There was a day (not very long ago) when you could walk into any Anglican church anywhere in the world and join in the service blind-folded, as it would be practically word-for-word the same as what you were accustomed to. Over the past twenty years that has become less and less the case.
The main reason for this was that, although there have always been moves to revise the Book of Common Prayer historical and political circumstances have made this impractical (if not impossible). What began to happen in the mid-nineteenth century, however, was that while the words of the services may not have changed, the way in which the services were conducted began to vary widely. Candles, colored vestments and hangings, genuflections, processions, incense and a host of other practices began to be introduced in various combinations from parish to parish. At first there was trenchant opposition, but gradually, by the early years of the twentieth century this had given way to acceptance of a breadth of expression in worship within Anglicanism.

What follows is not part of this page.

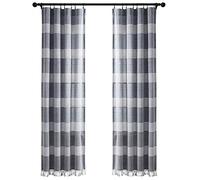 Lush Decor, Navy Tucker Stripe Yarn Dyed Cotton Knotted Tassel Window Curtain Panel Pair, 84" x 40"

The first attempt to make any major changes to the Prayer Book itself and to gain popular support within the church came in England in 1928. In that year the church convocations gave permission for a revised Prayer Book (rather like the 1929 book or Rite I of the Episcopal Church) to be authorized. The attempt was thwarted in parliament, however, and the revised Prayer Book became the “deposited” Prayer Book of 1928. At the same time, elements of the new book came into popular usage in many of the parishes and college chapels in England. While the revision of the Prayer Book had been quashed for the moment, the need for revision along a number of lines became increasingly apparent.
For one thing, the Book of Common Prayer had been devised to suit the needs of a single national church. It did not take into account the fact that that church had begun to spread to almost every corner of the world, to cultural and political milieux quite different from England in the sixteenth century. In many of these places Christianity (much less the Anglican form of it) was not the national religion or even the dominant one. Yet that seems to be assumed at many points in the Prayer Book.
In addition there were local customs and traditions that needed to find their way into the worship of the church. One Canadian contribution in this respect is the service of Thanksgiving for the Blessings of Harvest, which was added to our Prayer Book in the revision of 1918. Besides this, one of the underlying principles of Anglicanism has always been that within each country the church has authority to develop its own forms of service (always, of course, in conformity with Scripture).
A second factor was that liturgical scholars were becoming familiar with documents such as the Apostolic Traditions of Hippolytus and the Apostolic Constitutions, which had been unknown before the nineteenth century. A new awareness of the worship of the primitive church brought with it new debates about the propriety of some of the practices contained in the Prayer Book. With regard to the Holy Communion, for example, a new understanding of Jesus’ words, “Do this in memory of me,” had arisen out of recent studies of the Jewish concept of anamnesis.
Thirdly, the language of the Prayer Book, which had once helped the English language to soar to new heights of eloquence, was becoming less and less the language of the common people. The Anglican Church was in danger of becoming like the Coptic Church or the Russian Church, both of which use classical forms of the language frozen in time and no longer understood by the vast majority of the laity.
This fact came into sharp relief when the Roman Catholic Church began translating its liturgies into the vernacular and contemporary texts of English liturgical materials common to most denominations (e.g., the creeds and the canticles) began to be produced. One of the principles of Anglican worship has always been that it be “in a tongue … understanded of the people” (Article 24).
What this has meant is that, since the 1960s a host of liturgies has burst onto the scene. While in many cases the 1662 Book of Common Prayer (or one of its near relatives) remains the lawful pattern, almost every branch of the Anglican Communion has now produced its own service book.
Initially the pattern was to merely revise the original Book of Common Prayer. The church in New Zealand was the first to move into “you” language in addressing God in the late 1960s. Since then liturgical committees have been increasingly innovative in what they have produced, to the point where in many places it is possible to conduct a service without the appearance of a single word or phrase from the Book of Common Prayer.